The book’s ethos is summed up in a section from the last chapter, which resonates with me:

Advances in technology are often presented as challenges to our humanity. We submit that the opposite is true: technology is a time-tested key to human flourishing. Absent technology, our numbers would be far smaller, our lives half as long, our passions less diverse and less developed, our agency not much greater than that of other animals. Empowered by technology, we humans escaped the eternal present of mere subsistence. Then we learned to cure diseases, invented new ways to express and memorialize our humanity, enabled individual rights, and made it possible to extend our reach beyond the planet.

To accomplish any of these things, we had to envision what could possibly go right.

That is, we developed mindful approaches to adopting new technologies that a) didn’t strangle them in their cribs while b) not upending society as a whole. That is where we find ourselves now. It’s a tricky balancing act, but we’ve pulled it off before. This is part of what I mean by “architecting intelligence”: we put conditions in place for reasonable constraints to emerge as we learn what technologies can (and cannot) do well.
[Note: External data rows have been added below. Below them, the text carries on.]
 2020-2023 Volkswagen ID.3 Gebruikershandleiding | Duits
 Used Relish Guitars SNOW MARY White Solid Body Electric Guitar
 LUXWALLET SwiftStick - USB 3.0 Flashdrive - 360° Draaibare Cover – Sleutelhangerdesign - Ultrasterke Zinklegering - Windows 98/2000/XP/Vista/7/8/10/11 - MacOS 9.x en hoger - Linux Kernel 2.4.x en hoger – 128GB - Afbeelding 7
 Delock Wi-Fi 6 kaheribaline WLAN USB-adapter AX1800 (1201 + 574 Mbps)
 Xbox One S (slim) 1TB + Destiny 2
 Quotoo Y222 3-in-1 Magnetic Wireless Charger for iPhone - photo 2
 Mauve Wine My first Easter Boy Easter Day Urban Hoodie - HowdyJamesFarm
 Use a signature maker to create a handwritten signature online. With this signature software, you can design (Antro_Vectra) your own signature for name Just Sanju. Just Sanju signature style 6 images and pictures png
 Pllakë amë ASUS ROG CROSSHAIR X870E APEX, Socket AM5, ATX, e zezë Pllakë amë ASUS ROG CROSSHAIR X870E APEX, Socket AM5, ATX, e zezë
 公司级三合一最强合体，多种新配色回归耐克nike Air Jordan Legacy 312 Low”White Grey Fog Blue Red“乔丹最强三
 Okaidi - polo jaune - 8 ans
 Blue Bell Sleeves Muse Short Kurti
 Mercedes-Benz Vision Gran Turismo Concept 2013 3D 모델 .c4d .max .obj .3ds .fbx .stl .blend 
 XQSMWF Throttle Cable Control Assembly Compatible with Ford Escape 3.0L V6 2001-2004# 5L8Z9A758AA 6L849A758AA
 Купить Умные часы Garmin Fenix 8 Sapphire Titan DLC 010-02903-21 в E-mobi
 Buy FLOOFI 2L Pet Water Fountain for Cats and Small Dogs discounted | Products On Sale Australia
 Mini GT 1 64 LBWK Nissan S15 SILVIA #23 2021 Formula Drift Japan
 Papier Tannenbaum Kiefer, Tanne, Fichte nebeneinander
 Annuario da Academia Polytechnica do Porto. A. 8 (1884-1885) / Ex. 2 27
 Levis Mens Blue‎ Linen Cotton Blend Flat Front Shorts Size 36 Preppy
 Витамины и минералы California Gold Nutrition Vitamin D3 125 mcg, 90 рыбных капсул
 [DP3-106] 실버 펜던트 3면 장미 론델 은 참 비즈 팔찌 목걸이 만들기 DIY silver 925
AI can be for cognitive work what the steam engine was for manual labor: a transformational and ultimately beneficial technology. Given AI’s potential upsides for human flourishing, economic development, and national security, its development and deployment are too important to be left solely to pessimists. Superagency clearly articulates the issues at stake and outlines a practical approach: mindful iterative deployment.